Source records

*****

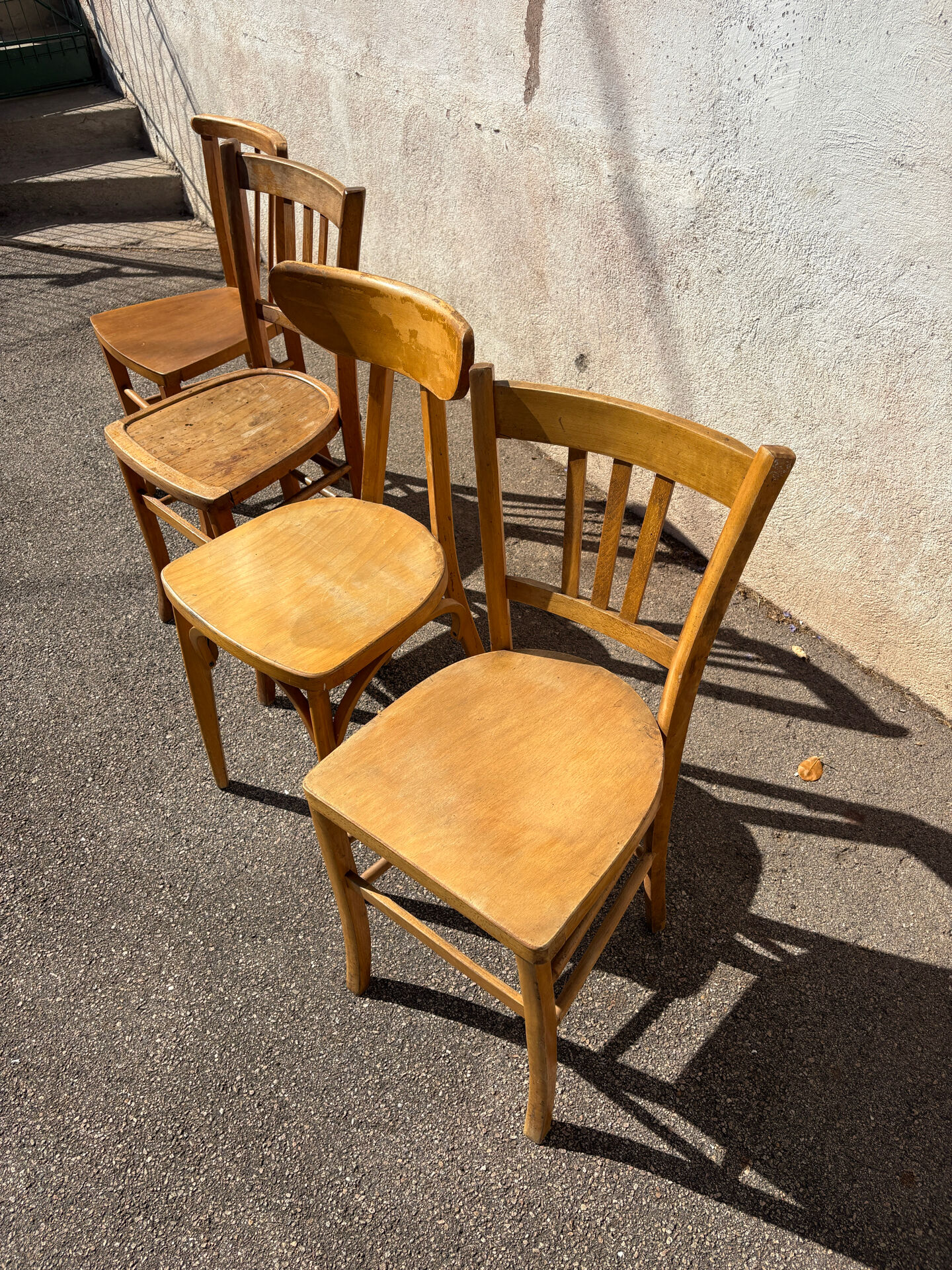Set of 4 yellow bistro chairs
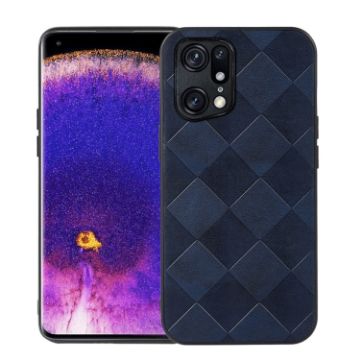Picture of For OPPO Find X5 Pro Weave Plaid PU Phone Case (Blue)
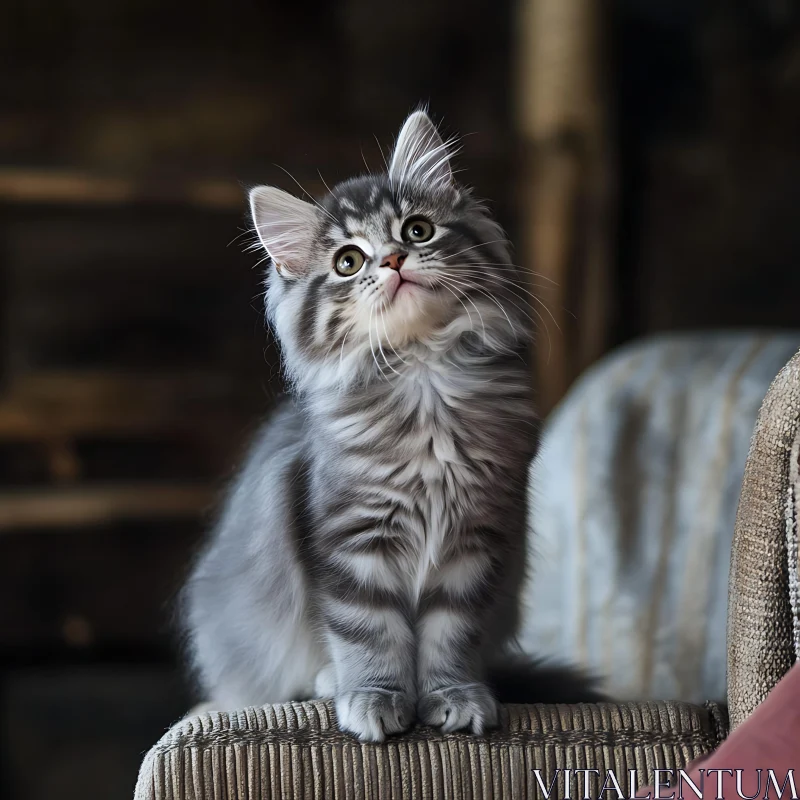 Curious Fluffy Gray Kitten Portrait AI Image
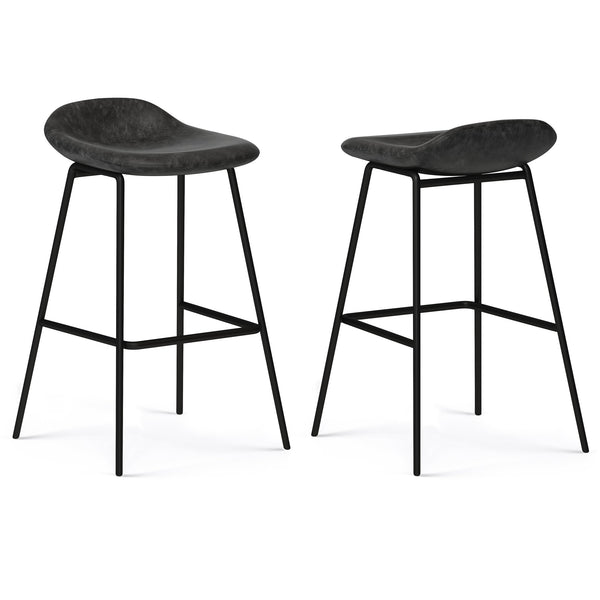 English Elm Dafney Bar Stool Set Of 2 - Sleek Distressed Charcoal Grey Vegan Leather For Modern Spaces B136P158578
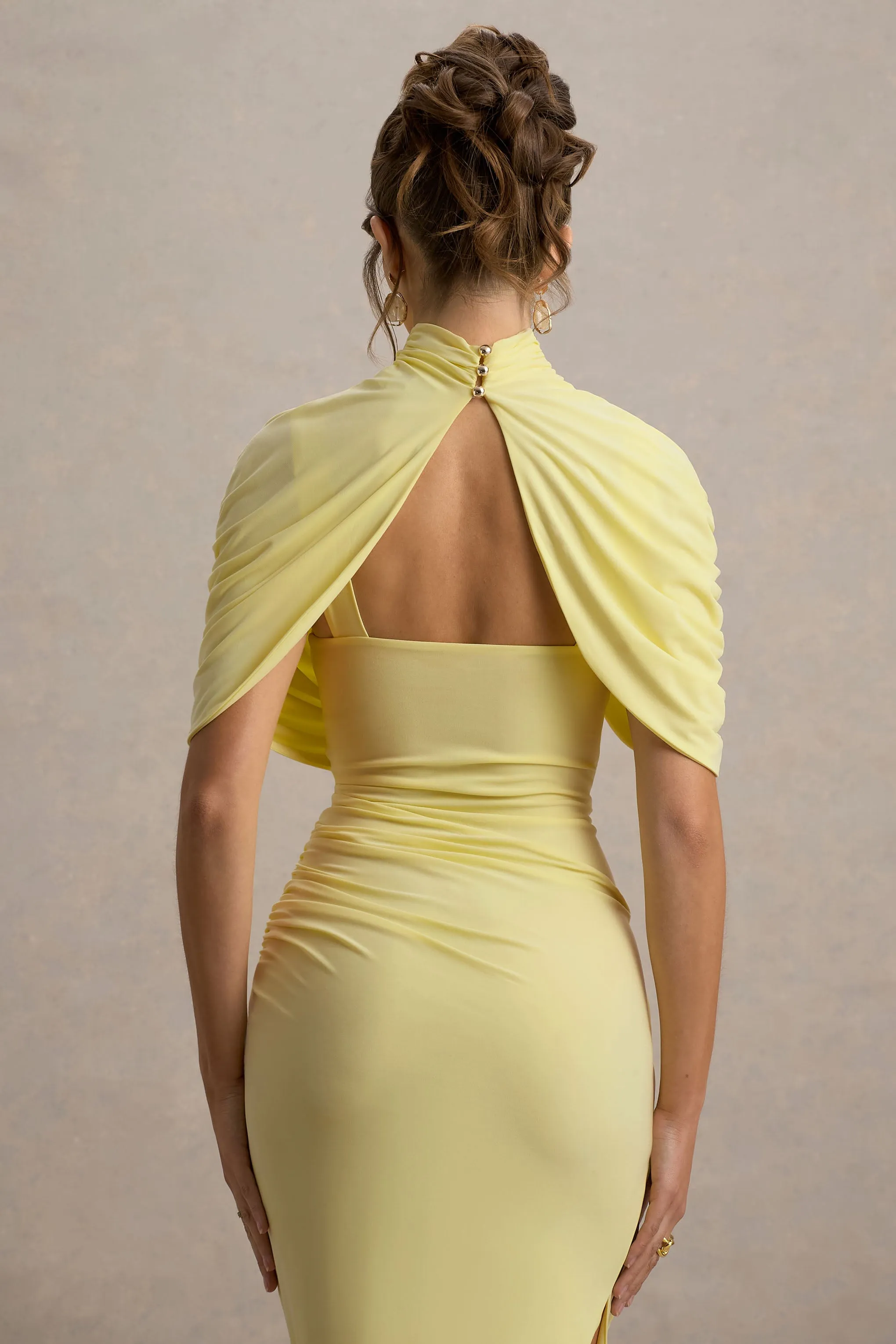 Enchant | Lemon Asymmetric Twisted Cape Maxi Dress sold by Club L London product image thumbnail 4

*****

**EXERCISE**
Output only the lines running from the line with "English Elm Dafney" through the last line of the entries above, inclusive, with pictures excluded.

**RESULT OF THE EXERCISE**
 English Elm Dafney Bar Stool Set Of 2 - Sleek Distressed Charcoal Grey Vegan Leather For Modern Spaces B136P158578
 Enchant | Lemon Asymmetric Twisted Cape Maxi Dress sold by Club L London product image thumbnail 4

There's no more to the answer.